— DATA SECTION —

::::::::

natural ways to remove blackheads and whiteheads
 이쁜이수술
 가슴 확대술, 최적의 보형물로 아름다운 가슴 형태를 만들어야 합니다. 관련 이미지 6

::::::::

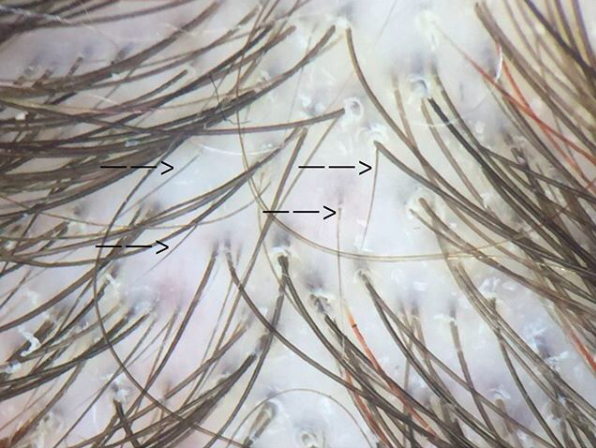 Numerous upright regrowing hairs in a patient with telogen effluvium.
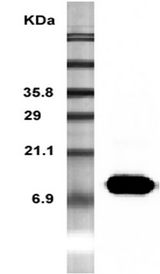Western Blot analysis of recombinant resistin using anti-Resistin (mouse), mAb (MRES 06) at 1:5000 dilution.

::::::::

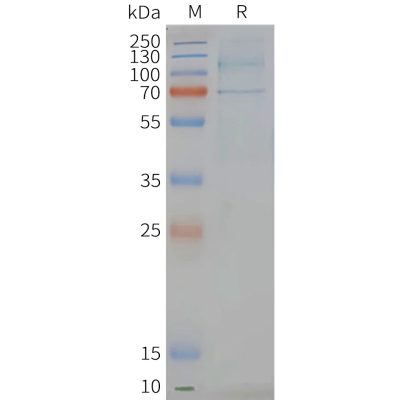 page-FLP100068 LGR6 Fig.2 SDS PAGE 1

::::::::

— TASK DETAILS —
Lines wanted from the listing above: the line with "natural ways to" up to and including the line with "가슴 확대술, 최적의". Please write them out exactly, adding nothing else.

— RESPONSE —
natural ways to remove blackheads and whiteheads
 이쁜이수술
 가슴 확대술, 최적의 보형물로 아름다운 가슴 형태를 만들어야 합니다. 관련 이미지 6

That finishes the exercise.